Ultra-Threaded Dispatch Processor
Arbitration
This piece of hardware was first introduced in the R500 series processors in Radeon X1000 series graphics cards. The processors were introduced to offer threaded instruction sets in flight to maximize utilization. The logic's work is to make sure that the shader is as busy as possible. More importantly than just being busy, it must do the right kind of work and it must finish the work as quickly as possible.
The setup engine waits to send data into the shader core from the three queues for vertex, geometry or pixel shading. There is an arbitration process that occurs to figure out the best piece of data to work on when a slot opens up. This arbitration is a dynamic process based on what the shader is currently working on, what it has been doing, how much data there is to be processed and various other parameters.
Once inside the shader, there is one of two things happening: the threads are either being executed or "slept" until they can be worked on. There are various kinds of threads working in the shader, and while they sleep, they go into their own queue. Beyond that there is even more arbitration. It has to figure out when to wake up sleeping threads and in the order they should be woken up.
In conjunction with thread arbitration, there needs to be resource arbitration. With a limited number of resources such as SIMD arrays and caches that threads need to work on, these resources need to be prioritized for specific threads.

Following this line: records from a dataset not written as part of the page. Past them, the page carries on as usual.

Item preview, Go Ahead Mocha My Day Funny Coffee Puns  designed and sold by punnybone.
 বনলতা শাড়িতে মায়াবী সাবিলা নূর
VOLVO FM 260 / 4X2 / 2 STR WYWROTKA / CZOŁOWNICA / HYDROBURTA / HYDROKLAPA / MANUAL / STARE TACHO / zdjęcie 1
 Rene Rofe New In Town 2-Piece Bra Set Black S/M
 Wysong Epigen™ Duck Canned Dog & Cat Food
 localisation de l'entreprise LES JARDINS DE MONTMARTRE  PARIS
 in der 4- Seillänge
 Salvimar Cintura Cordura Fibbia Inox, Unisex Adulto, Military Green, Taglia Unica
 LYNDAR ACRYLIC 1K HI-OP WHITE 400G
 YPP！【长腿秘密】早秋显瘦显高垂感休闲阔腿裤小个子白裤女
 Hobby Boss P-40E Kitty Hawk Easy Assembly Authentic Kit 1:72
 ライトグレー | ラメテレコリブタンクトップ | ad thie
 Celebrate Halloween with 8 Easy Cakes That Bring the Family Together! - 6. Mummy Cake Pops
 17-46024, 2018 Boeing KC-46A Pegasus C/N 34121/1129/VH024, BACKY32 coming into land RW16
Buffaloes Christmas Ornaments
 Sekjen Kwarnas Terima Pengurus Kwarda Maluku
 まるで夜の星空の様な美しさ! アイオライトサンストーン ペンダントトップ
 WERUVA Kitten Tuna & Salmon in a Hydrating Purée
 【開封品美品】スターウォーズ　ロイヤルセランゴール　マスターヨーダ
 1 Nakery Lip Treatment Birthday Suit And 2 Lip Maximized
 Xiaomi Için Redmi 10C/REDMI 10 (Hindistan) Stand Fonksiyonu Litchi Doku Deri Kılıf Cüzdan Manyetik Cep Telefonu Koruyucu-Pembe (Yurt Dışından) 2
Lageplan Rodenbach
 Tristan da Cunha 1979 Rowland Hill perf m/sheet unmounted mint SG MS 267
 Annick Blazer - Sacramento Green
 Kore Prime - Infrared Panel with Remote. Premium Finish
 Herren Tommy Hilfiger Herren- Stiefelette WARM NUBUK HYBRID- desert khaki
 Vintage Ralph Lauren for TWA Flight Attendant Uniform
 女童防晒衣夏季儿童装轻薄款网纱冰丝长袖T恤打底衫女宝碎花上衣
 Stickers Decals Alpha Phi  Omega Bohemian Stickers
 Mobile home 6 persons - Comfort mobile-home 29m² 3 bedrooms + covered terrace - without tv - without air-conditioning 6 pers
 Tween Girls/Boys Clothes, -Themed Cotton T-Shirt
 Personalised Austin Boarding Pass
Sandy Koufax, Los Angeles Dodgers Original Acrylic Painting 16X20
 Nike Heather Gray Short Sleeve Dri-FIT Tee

Threads want to work on specific resources, but have to take turns. For example, if a thread wants to work on an ALU, it will wait to win arbitration so it can work on the next one. If it wants to do a texture fetch, it needs to wait for the next texture fetch resource.
"[It is] a very complex system," Demers said. "It is more complex than anything we have done in the past."
From the diagram above you can see that there are two arbiters per SIMD array. During every cycle there is one thread submitted and during every other cycle another is submitted. There are two threads at each SIMD array all the time so it can choose what it should work on. When one thread is finished it will receive another thread to arbitrate and complete. The concept is to keep each SIMD array as busy as possible.
The flow passes into the SIMD arrays working on alternating clock cycles. This can be demonstrated as clock 1 - thread 1, clock - 2 thread 2, clock 3 - thread 1, clock 4 - thread 2, etc. until each is finished. The setup engine creates threads and groups them together into blocks of 64 things. The vertex assemblers will group 64 items and send them off as a single block. It is the same for the scan converter (rasterizer) and geometry assembler.
There are eight arbiters for ALU type operations, arbiters for the vertex and texture caches as well as arbiters for a few other things that are not shown in the block diagrams. To clarify what types of things need arbitration, Demers stated that "every shared resource has to have arbitration."
Demers said: "Arbitration for ALU occurs in pairs of threads, though, from an overall perspective, it doesn't really matter; we simply interleave 2 threads in ALUs all the time, to maximize their usage. There is arbitration for every resource, which does mean texture requests, export out of the shader (i.e. completed threads), requests to the unfiltered cache, requests for the memory read and writes, requests for interpolation and access to the shader. Those are the main ones that come to mind. The whole point is to make sure that all these threads of work can have access to all the needed resources and to keep these resources as busy as possible. Sequencing occurs above and beyond that, to sequence the data through the resource."